Cette image de vilain canard de la zone euro tombe au pire moment pour la France. L'étude intervient quatre jours après la bourde de Standard & Poor's qui a dégradé par erreur la note française. Elle met également un peu plus la pression sur le gouvernement français qui tente actuellement, grâce à deux plans de rigueur décidés à trois mois d’intervalle, de sauvegarder son triple A. Les auteurs de ce baromètre vont même jusqu’à conseiller au président Nicolas Sarkozy de décider de nouvelles réformes - “probablement impopulaires” - avant l’élection présidentielle de 2012.
“Concours de beauté”
Un acharnement thérapeutique qui n’est pas du goût de tous. “La seule chose sur laquelle on peut être d’accord est que la France est le pays bénéficiant d’un triple A qui se porte le moins bien”, déclare à France 24 Eric Heyer, spécialiste de l’économie française et directeur adjoint au département analyse et prévision de l’Observatoire français des conjonctures économiques (OFCE). “Pour le reste c’est un coup marketing brillant, mais un travail qui n’est pas très sérieux”, ajoute-t-il.
Il dénonce ces classements qui ressembleraient “plus à des concours de beauté” qu’à autre chose. “Avant la crise, les deux pays européens montrés en exemple étaient l’Irlande et l’Espagne qui sont aujourd’hui devenus des moutons noirs de l'Europe”, rappelle-t-il.
Au-delà de la méthode, ce sont les résultats qui laissent l'économiste perplexe. L’appel lancé par cette étude à une plus grande flexibilité sur le marché du travail français relèverait du non-sens selon lui. “L’OCDE évalue également cette flexibilité grâce au taux de rotation des salariés et il n’y a que l’Espagne qui a un taux plus élevé”, souligne-t-il.

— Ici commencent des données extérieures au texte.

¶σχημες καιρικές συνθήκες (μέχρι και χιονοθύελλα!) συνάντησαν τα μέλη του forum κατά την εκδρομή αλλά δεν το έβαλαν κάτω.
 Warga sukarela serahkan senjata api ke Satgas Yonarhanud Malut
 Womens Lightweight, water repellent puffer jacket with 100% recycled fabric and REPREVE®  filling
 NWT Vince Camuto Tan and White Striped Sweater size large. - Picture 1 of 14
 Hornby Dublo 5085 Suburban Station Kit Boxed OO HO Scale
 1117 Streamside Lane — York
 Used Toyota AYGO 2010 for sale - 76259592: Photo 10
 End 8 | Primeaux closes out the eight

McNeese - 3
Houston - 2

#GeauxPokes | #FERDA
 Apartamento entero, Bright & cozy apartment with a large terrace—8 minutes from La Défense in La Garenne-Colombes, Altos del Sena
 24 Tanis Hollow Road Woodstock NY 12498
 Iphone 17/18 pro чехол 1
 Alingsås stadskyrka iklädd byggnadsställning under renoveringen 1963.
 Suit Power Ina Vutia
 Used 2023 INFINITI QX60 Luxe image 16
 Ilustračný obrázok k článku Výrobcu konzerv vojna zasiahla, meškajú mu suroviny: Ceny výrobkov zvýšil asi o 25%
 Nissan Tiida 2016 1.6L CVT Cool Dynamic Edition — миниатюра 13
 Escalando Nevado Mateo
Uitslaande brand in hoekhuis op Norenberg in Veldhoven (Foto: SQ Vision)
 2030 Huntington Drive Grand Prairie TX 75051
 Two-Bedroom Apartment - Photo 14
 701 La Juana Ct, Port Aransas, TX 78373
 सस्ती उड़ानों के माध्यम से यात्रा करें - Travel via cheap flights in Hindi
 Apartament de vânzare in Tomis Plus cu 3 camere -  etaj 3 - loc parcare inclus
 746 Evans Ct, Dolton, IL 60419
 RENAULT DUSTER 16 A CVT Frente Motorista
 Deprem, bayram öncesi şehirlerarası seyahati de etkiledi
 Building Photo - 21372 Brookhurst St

Querelles de statisticiens
Le déficit supposé de compétitivité serait lui aussi contestable. Le baromètre Euro Plus Monitor prend en compte l’ensemble des secteurs de l’économie alors “qu’il conviendrait de ne regarder que ceux où il y a une concurrence, c’est-à-dire essentiellement les activités manufacturières”, estime Eric Heyer. Dans cette hypothèse, la situation française devient soudainement plus enviable. Elle n’aurait perdu en compétitivité que par rapport à l’Allemagne, mais se comporterait mieux que la moyenne des autres États de la zone euro.
Cette remise en cause de l’étude du LisbonCouncil et de la banque Berenberg prouve avant tout qu’il y a plusieurs manières d’analyser les données disponibles. Mais au-delà des querelles de statisticiens, certains faits soulignent que la France n’a pas encore rejoint le cortège des économies les plus fragiles. Ainsi, avant la crise grecque, le taux d’intérêt auxquel Paris pouvait emprunter sur les marchés dépassait les 4%. Il est aujourd’hui tombé à un peu plus de 3,5%, “ce qui prouve que les marchés jugent que la dette française est toujours une valeur refuge”, conclut Eric Heyer. En outre, la France était selon le baromètre 2010 de la Conférence des Nations unies sur le commerce et le développement (CNUCED) la première destination en Europe des investissements étrangers. Des investisseurs qui semblent donc avoir encore une certaine confiance en l’économie française.